The Richard DeShantz Restaurant Group’s highly anticipated Japanese hand roll and gin bar at 208 6th Street opens Downtown on April 6 and is a feast for the eyes as well as the palate.
A lot of thought and detail went into the concept, which has been in development since 2016.
The small space has seating for 28 at five tables and a long bar. You can snag a two-hour spot through their online reservation system (there is no phone at gi-jin). Hours are 5 to 10 p.m. Tuesday through Thursday and 5 to 11 p.m. Friday and Saturday.
Upon arrival, a team member will take you to your seat and explain the menu, which boasts starters like miso soup and edamame and at least a dozen different hand roll and sashimi options.
Chefs Michael Taylor, Ryan Hart and Alex Melon will serve cold plates, including poke with ahi tuna, smashed avocado, seaweed, serrano pepper and yuzu foam. Warm plates range from spicy rice cakes to New York Strip. The menu, which will change based on the season and the availability of fresh ingredients, also includes a variety of Japanese gin, whiskey and sake curated by John Wabeck, a wine and spirits expert.
You can’t get takeout from gi-jin (at least not yet). DeShantz and his team are focused on the in-person dining experience.
Whether you arrive in jeans or something formal, you’ll feel comfortable in the relaxed restaurant, which boasts a dragon mural by artist Jeremy Raymer and a back wall that looks like a forest.
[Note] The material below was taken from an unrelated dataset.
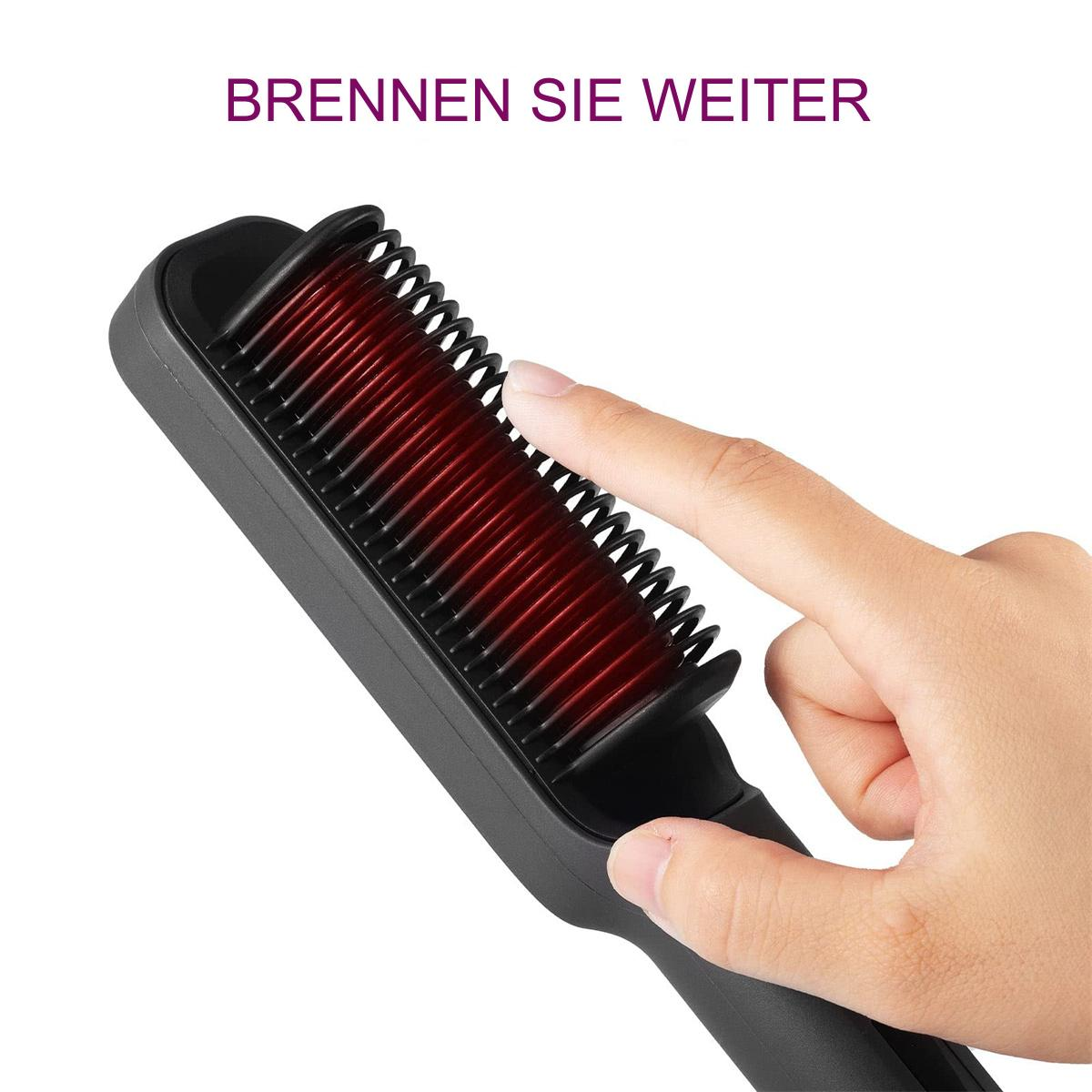 Hand berührt beheizten Haarglätter-Kamm. Schwarz und rot.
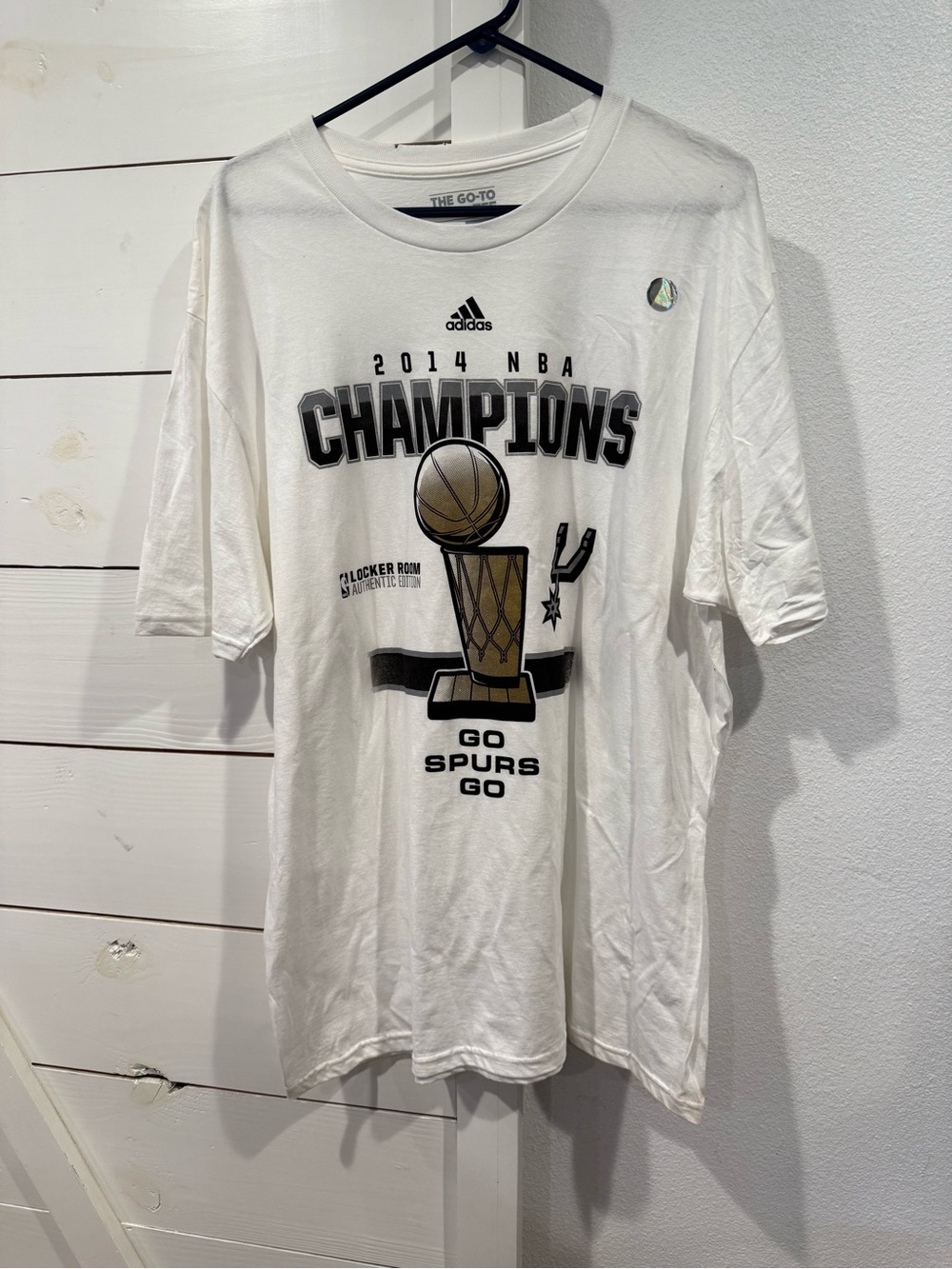 adidas White 2014 NBA Champions Spurs Graphic Tee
There are currently three DeShantz eateries that are open: Poulet Bleu, Coop de Ville and täkō. Butcher and the Rye, Meat & Potatoes and Fish nor Fowl will open later this year, as will a second täkō location in East Liberty’s Bakery Square development.
Casey Henderlong, director of events and public relations for the Richard DeShantz Restaurant Group, says they don’t want to rush into opening all of the hot spots, which each have their own unique vibe.
“A big problem facing the restaurant industry is trying to find staff, from front-of-the-house to culinary teams,” Henderlong says. “We don’t want to compromise the guest experience.”